--- Provided data Enclosed Below ---

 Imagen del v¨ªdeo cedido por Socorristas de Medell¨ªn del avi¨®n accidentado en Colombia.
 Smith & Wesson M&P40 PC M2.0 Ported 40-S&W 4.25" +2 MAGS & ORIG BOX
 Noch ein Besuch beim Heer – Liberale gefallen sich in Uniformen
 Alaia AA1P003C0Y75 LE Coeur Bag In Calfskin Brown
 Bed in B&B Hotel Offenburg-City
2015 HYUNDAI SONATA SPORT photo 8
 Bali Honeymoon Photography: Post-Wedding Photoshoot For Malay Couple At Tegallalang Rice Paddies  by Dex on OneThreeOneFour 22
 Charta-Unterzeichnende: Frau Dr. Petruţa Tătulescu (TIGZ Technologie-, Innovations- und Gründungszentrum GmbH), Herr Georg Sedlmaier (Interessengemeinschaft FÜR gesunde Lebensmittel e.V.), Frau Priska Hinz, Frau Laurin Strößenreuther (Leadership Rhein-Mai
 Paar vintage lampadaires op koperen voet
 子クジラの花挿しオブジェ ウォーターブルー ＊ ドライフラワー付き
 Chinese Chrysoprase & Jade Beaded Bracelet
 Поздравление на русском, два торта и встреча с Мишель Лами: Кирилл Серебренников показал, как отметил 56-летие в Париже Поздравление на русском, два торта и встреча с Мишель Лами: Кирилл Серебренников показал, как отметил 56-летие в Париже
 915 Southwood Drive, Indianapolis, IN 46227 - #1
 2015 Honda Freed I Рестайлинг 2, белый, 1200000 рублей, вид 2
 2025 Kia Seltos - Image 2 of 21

--- End of Enclosed Provided data ---

All that should be written out is the stretch of lines above between the one holding "Bed in B&B Hotel Offenburg-City" and the one holding "в Париже Поздравление", inclusive, exactly as given.

 Bed in B&B Hotel Offenburg-City
2015 HYUNDAI SONATA SPORT photo 8
 Bali Honeymoon Photography: Post-Wedding Photoshoot For Malay Couple At Tegallalang Rice Paddies  by Dex on OneThreeOneFour 22
 Charta-Unterzeichnende: Frau Dr. Petruţa Tătulescu (TIGZ Technologie-, Innovations- und Gründungszentrum GmbH), Herr Georg Sedlmaier (Interessengemeinschaft FÜR gesunde Lebensmittel e.V.), Frau Priska Hinz, Frau Laurin Strößenreuther (Leadership Rhein-Mai
 Paar vintage lampadaires op koperen voet
 子クジラの花挿しオブジェ ウォーターブルー ＊ ドライフラワー付き
 Chinese Chrysoprase & Jade Beaded Bracelet
 Поздравление на русском, два торта и встреча с Мишель Лами: Кирилл Серебренников показал, как отметил 56-летие в Париже Поздравление на русском, два торта и встреча с Мишель Лами: Кирилл Серебренников показал, как отметил 56-летие в Париже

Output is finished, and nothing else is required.